Begin at the first line of the data and copy each line through the one containing "Three stylized tarot cards bunched together", that line included, with no pictures.

Provided data below:

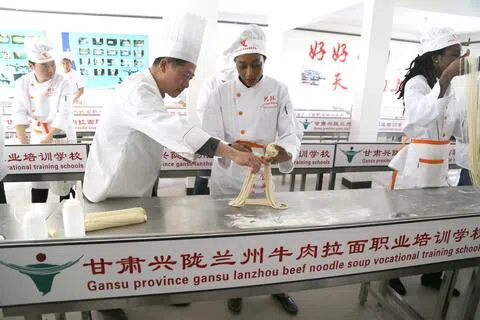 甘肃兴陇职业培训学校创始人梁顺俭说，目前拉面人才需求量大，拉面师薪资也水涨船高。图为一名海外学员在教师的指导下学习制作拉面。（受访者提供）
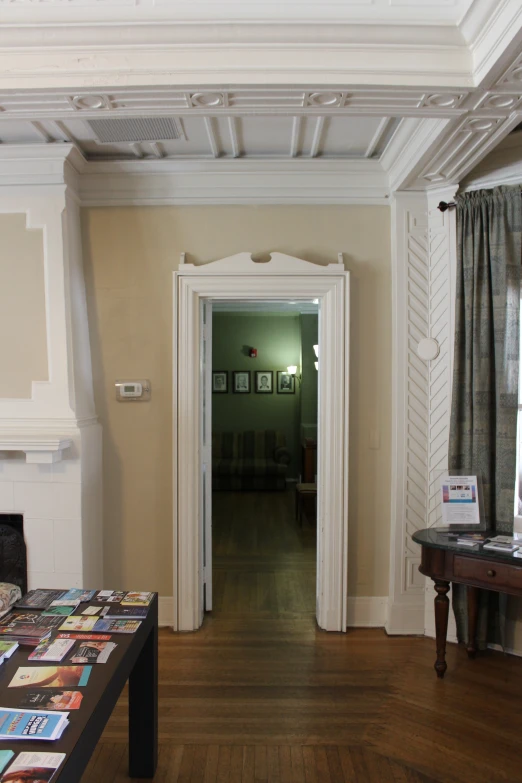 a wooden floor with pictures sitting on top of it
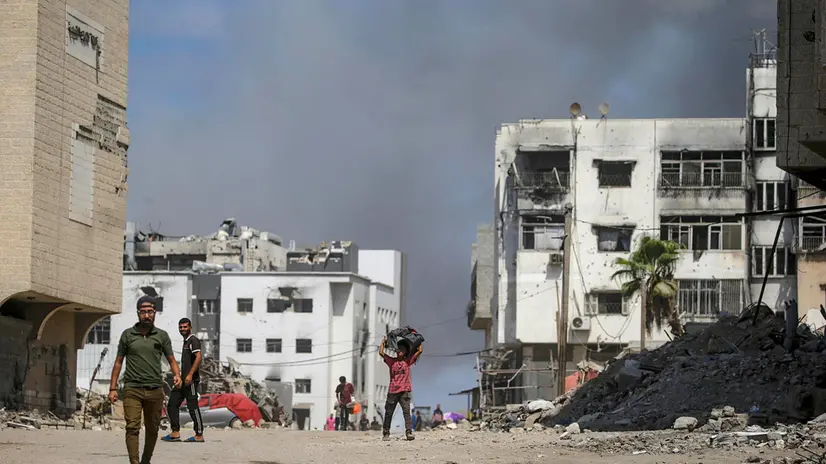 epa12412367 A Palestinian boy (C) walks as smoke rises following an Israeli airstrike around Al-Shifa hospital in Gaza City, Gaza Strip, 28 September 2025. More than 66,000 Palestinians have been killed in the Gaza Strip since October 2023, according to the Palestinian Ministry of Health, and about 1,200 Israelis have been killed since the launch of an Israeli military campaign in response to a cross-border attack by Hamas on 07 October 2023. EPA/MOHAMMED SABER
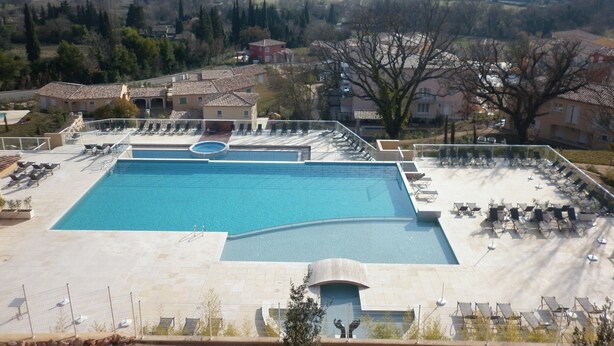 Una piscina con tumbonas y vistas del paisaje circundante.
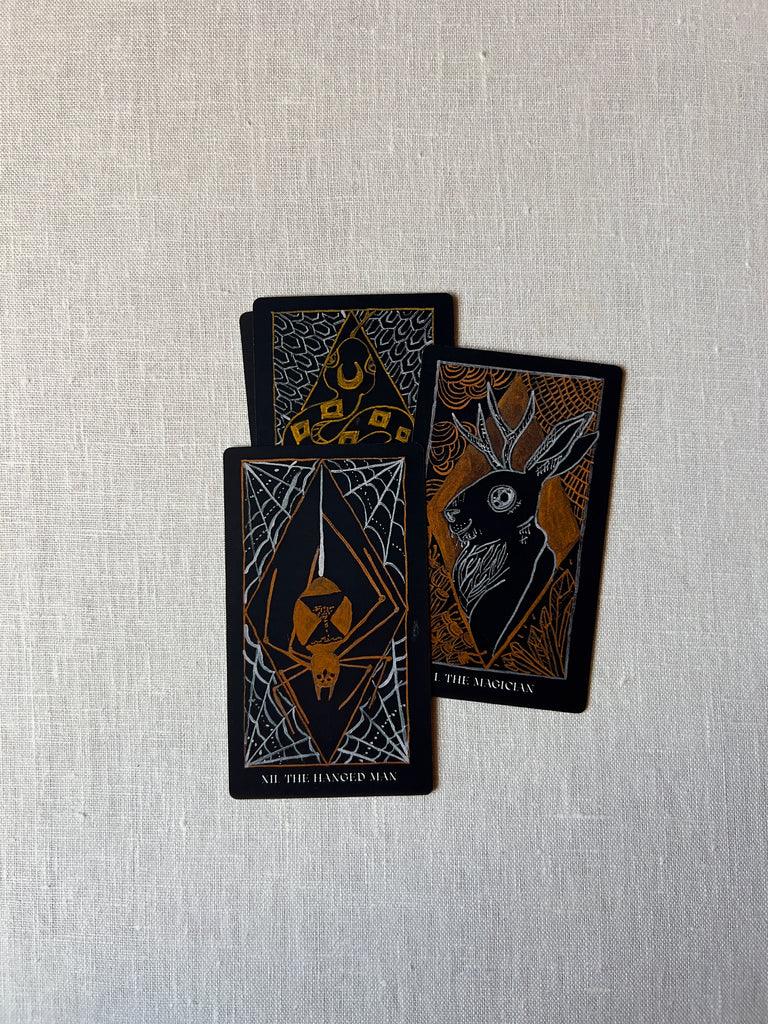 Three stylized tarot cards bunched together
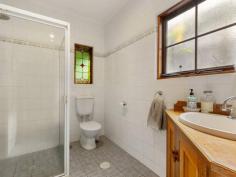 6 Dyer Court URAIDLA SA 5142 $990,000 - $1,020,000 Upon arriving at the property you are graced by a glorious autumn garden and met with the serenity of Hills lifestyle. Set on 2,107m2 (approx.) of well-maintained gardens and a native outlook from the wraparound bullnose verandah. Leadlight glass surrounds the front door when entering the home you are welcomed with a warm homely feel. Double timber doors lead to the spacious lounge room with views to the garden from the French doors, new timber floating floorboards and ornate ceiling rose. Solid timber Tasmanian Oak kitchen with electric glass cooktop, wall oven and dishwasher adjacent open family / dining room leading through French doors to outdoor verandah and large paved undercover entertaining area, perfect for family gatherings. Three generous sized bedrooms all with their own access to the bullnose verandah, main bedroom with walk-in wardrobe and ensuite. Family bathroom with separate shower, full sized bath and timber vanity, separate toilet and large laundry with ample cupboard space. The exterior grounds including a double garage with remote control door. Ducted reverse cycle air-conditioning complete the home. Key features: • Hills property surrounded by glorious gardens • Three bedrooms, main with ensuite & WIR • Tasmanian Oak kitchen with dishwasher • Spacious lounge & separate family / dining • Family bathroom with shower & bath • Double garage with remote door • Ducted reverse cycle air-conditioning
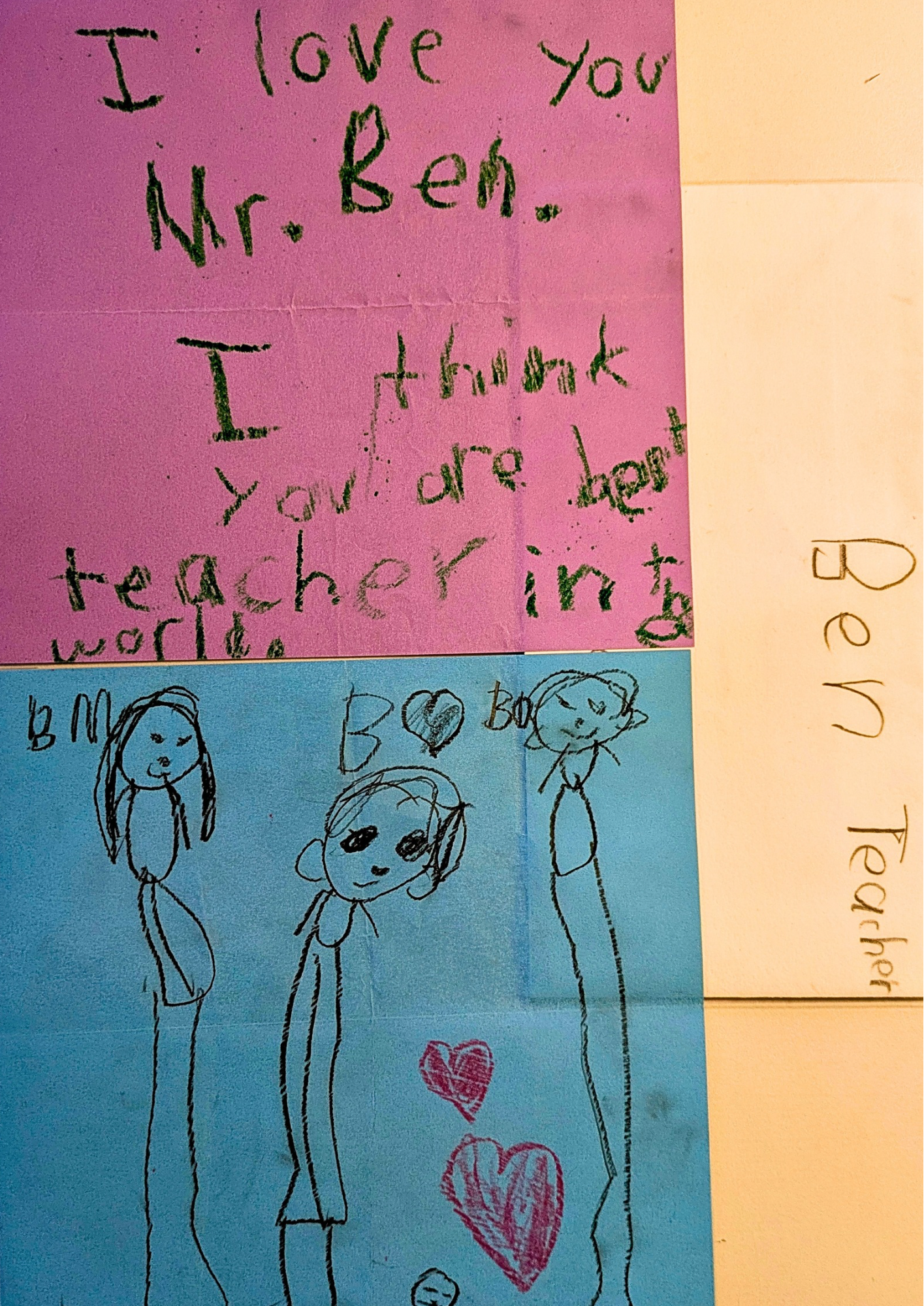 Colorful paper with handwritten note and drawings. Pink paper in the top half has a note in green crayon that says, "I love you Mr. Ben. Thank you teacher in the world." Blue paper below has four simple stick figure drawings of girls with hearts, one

End of Provided data.

__Solution to this exercise__
 甘肃兴陇职业培训学校创始人梁顺俭说，目前拉面人才需求量大，拉面师薪资也水涨船高。图为一名海外学员在教师的指导下学习制作拉面。（受访者提供）
 a wooden floor with pictures sitting on top of it
 epa12412367 A Palestinian boy (C) walks as smoke rises following an Israeli airstrike around Al-Shifa hospital in Gaza City, Gaza Strip, 28 September 2025. More than 66,000 Palestinians have been killed in the Gaza Strip since October 2023, according to the Palestinian Ministry of Health, and about 1,200 Israelis have been killed since the launch of an Israeli military campaign in response to a cross-border attack by Hamas on 07 October 2023. EPA/MOHAMMED SABER
 Una piscina con tumbonas y vistas del paisaje circundante.
 Three stylized tarot cards bunched together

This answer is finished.